I’m not really comfortable praying extemporaneously. I have to do it regularly, even frequently, but I’m not comfortable. On occasion I’ve even been told that I do it well, but if that is true then it is due entirely to the Holy Spirit and not me. I would much rather write my prayers beforehand and craft them into liturgical things of beauty.
If I know anything about extemporaneous prayer it is because I was faced with a horrifying situation when I did a unit of CPE (Clinical Pastoral Education) while I was in seminary. I was working as a chaplain in a hospital, but every day our group of student chaplains got together to talk theology and disclose and discuss incidents from the previous day or so in what amounted to group therapy. We also had to keep a journal and had private meetings with the supervisor.
One night when I was on overnight call at the hospital I was summoned to the ER. There had been a particularly bad auto accident on the freeway involving many cars. Four people had been sent to another hospital in the city that was better equipped for trauma than ours was. We got two of the passengers. I was asked to sit with one who was in and out of consciousness due both to his injuries and the meds they had given him. Before I went in I was told that his friend who had brought in with him had died on the way to the hospital but to try to avoid telling him that because they were trying to prep him for surgery. I sat with him and fed him ice chips while he waited.
After he went into surgery, I was called into the shift supervisor’s office where the ER staff dealing with this case had gathered. They had already called the parents of the young man who died, but it was their policy not to tell parents their child had died over the phone so the parents were now driving from another city a couple of hours away. Our meeting was to plan how to handle the parents when they arrived – where they would be told, who would be present, who would say what.
When the parents arrived very late that night they were taken to the supervisor’s office. The staff told them their son had died and the extent of his injuries. They also answered the parents questions and then the parents wanted to see their son. This was a fairly small hospital and it had been a very busy night. Their son’s body had been wheeled into what was clearly a large supply room. The nurse who had attended him and I went with the parents to see their son. She explained that we had been very busy that night because of the accident and that we had not had time to clean their son up. The parents didn’t care, so she folded back the sheet covering him.
I was the one totally unprepared for what I saw. Here was a handsome young man in his early twenties covered in blood. He was still intubated and his lifeless eyes were wide open. I didn’t know what to do or what to say. The nurse calmly talked to the parents who were both crying but not hysterically, and then the nurse asked if they would like to pray and the parents said yes. The nurse looked at me and saw that I was in a panic – frozen stiff – so she began to pray. I don’t remember what she said and it doesn’t matter really. It was a short prayer for God to receive this young man into heaven I think. I barely heard it.
I felt completely useless. I had failed. I was the worse excuse for a chaplain ever. All I did was take up space. The whole experience was awful and it was painful but I wrote every detail in my journal. I just so happened that it was my turn for a private meeting with the CPE supervisor in the next day or so and of course we talked about this incident. He asked what I was thinking when I was in the room with the nurse and the parents and their dead son. I told him. He suggested that I go back and write in my journal all that was in my mind and heart as a prayer – the prayer I was unable to pray that night. So I did.
The only part I remember from that prayer now was telling God that I didn’t have words to express all that I felt, but that my heart was broken for these parents and for this young man whose life was so full of potential but was cut so very short. When I read that prayer later I saw that it was a beautiful prayer. It expressed the reality of the situation and the honest emotions and confusion we all felt.
What I learned that day was to stop worrying about the words of prayers. There were no words that could make those parents feel better that night. Their son had just died. They simply needed to feel some connection to God.

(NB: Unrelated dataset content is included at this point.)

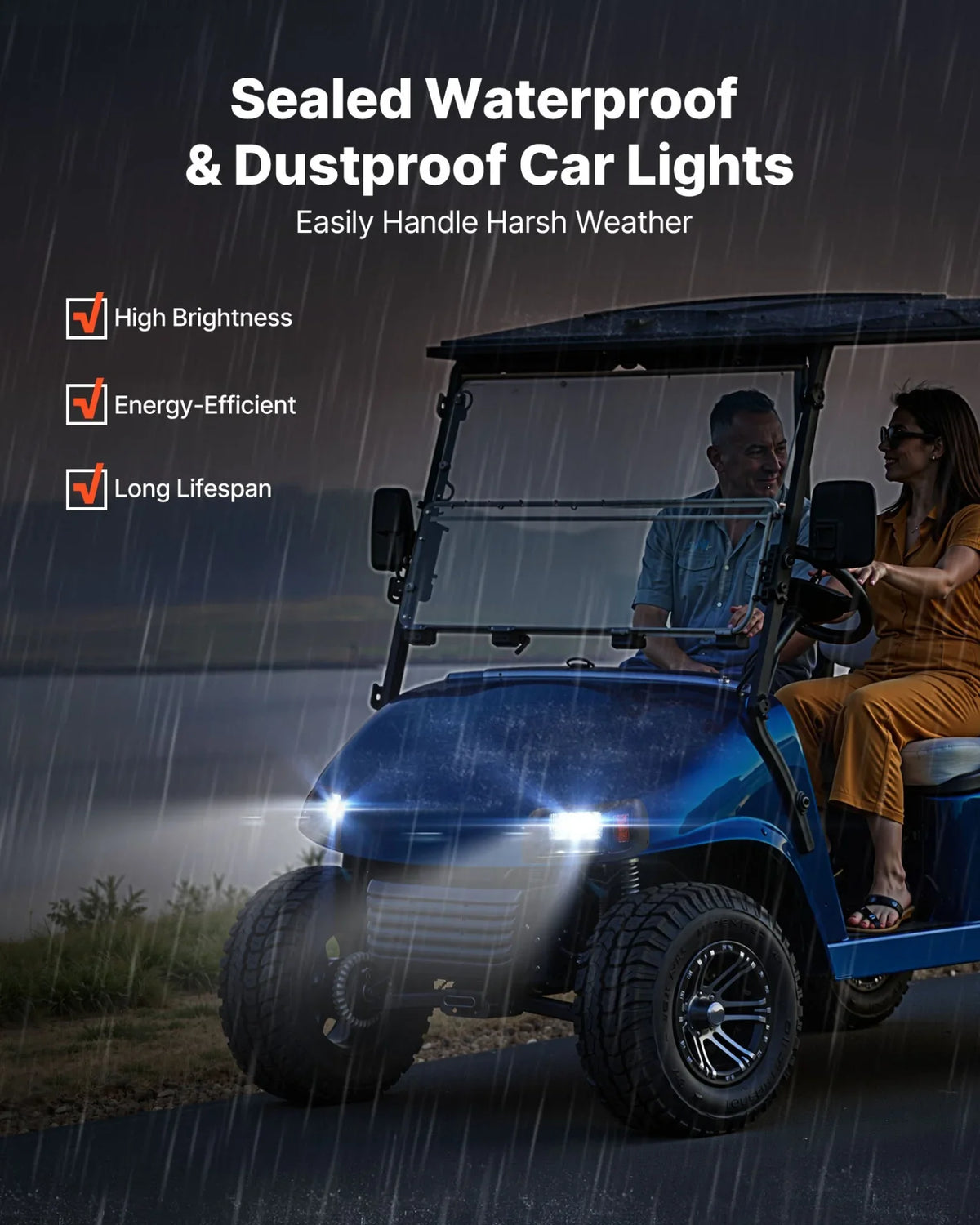 12 Volt Golf Cart LED Headlight Tail Light Kit For EZGO TXT 1996-2013 Models - View 3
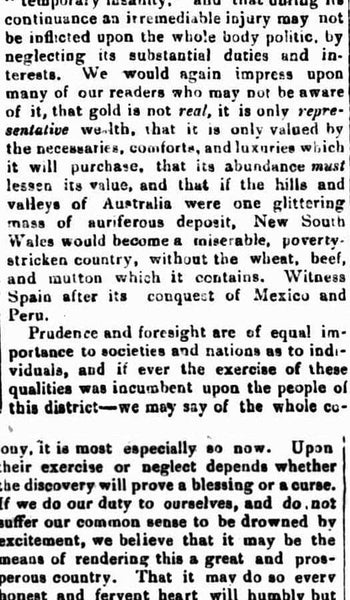 THE DISCOVERY AND ITS CONSEQUENCES - Bathurst Free Press Article 1851 - GOLD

Now when I am called upon to pray at the last minute, I just pray whatever is on my mind and in my heart. I do a little self-censoring, but mostly I say what I’m thinking and what I feel. I don’t try to cover all the bases. I don’t try to preach a sermon. I don’t thank God for 20 minutes while all the food on the table or in the buffet line gets cold. I just pray. I have memorized a couple of phrases I like that I’ve heard other people use in prayer.
Sometimes my prayers are quite forgettable, but they get the job done. And sometimes my prayers cut right to it – right to the fear, anger, confusion, doubt, joy, thanksgiving, wonder, surprise, and yes, even the humor of it all. Because that is life and that is honest.
Today’s Lenten reading is Matthew 6: 7-15 about prayer. Even the disciples were worried about praying correctly. Jesus told them to stop worrying about the words so much, but there are some things that are worth praying about: the holiness of God, the coming of God’s kingdom, our daily bread, forgiveness, and the struggle of temptation.
This Lent I pray that I may become more and more honest in my prayer life.
P.S. A couple of days later I stopped by to see the young man who had been waiting to have surgery on his leg. His mother had already thanked me profusely for sitting with her son before she arrived in the ER that night. Now he was recovering nicely and she tried to explain to him who I was. He said, “I remember her. She gave me ice chips.” Then turning to me he said, “Thanks.”